**TASK**
Your answer should be the records below, written out exactly.

**TASK MATERIAL**
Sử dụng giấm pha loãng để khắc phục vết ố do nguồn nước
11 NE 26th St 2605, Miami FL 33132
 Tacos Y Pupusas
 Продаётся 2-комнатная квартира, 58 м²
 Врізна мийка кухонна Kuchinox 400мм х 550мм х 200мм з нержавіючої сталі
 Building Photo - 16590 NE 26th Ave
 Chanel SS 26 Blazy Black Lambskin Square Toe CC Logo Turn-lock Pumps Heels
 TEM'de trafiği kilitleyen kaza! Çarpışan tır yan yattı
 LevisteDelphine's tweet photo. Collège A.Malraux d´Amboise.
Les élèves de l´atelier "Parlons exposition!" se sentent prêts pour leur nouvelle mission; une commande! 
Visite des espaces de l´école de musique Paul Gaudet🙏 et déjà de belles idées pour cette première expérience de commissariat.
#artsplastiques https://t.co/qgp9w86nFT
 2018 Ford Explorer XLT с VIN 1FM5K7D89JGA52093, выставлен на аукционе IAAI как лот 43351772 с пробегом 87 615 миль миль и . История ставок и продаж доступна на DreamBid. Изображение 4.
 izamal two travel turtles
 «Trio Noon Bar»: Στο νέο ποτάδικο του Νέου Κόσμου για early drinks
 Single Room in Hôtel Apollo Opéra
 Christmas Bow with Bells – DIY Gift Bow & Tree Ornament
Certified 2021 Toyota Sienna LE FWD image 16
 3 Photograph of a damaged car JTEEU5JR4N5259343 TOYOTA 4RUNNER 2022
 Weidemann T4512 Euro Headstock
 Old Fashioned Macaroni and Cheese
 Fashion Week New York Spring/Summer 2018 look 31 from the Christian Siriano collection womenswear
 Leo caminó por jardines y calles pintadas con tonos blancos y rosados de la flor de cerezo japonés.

**WRITTEN RESPONSE**
Sử dụng giấm pha loãng để khắc phục vết ố do nguồn nước
11 NE 26th St 2605, Miami FL 33132
 Tacos Y Pupusas
 Продаётся 2-комнатная квартира, 58 м²
 Врізна мийка кухонна Kuchinox 400мм х 550мм х 200мм з нержавіючої сталі
 Building Photo - 16590 NE 26th Ave
 Chanel SS 26 Blazy Black Lambskin Square Toe CC Logo Turn-lock Pumps Heels
 TEM'de trafiği kilitleyen kaza! Çarpışan tır yan yattı
 LevisteDelphine's tweet photo. Collège A.Malraux d´Amboise.
Les élèves de l´atelier "Parlons exposition!" se sentent prêts pour leur nouvelle mission; une commande! 
Visite des espaces de l´école de musique Paul Gaudet🙏 et déjà de belles idées pour cette première expérience de commissariat.
#artsplastiques https://t.co/qgp9w86nFT
 2018 Ford Explorer XLT с VIN 1FM5K7D89JGA52093, выставлен на аукционе IAAI как лот 43351772 с пробегом 87 615 миль миль и . История ставок и продаж доступна на DreamBid. Изображение 4.
 izamal two travel turtles
 «Trio Noon Bar»: Στο νέο ποτάδικο του Νέου Κόσμου για early drinks
 Single Room in Hôtel Apollo Opéra
 Christmas Bow with Bells – DIY Gift Bow & Tree Ornament
Certified 2021 Toyota Sienna LE FWD image 16
 3 Photograph of a damaged car JTEEU5JR4N5259343 TOYOTA 4RUNNER 2022
 Weidemann T4512 Euro Headstock
 Old Fashioned Macaroni and Cheese
 Fashion Week New York Spring/Summer 2018 look 31 from the Christian Siriano collection womenswear
 Leo caminó por jardines y calles pintadas con tonos blancos y rosados de la flor de cerezo japonés.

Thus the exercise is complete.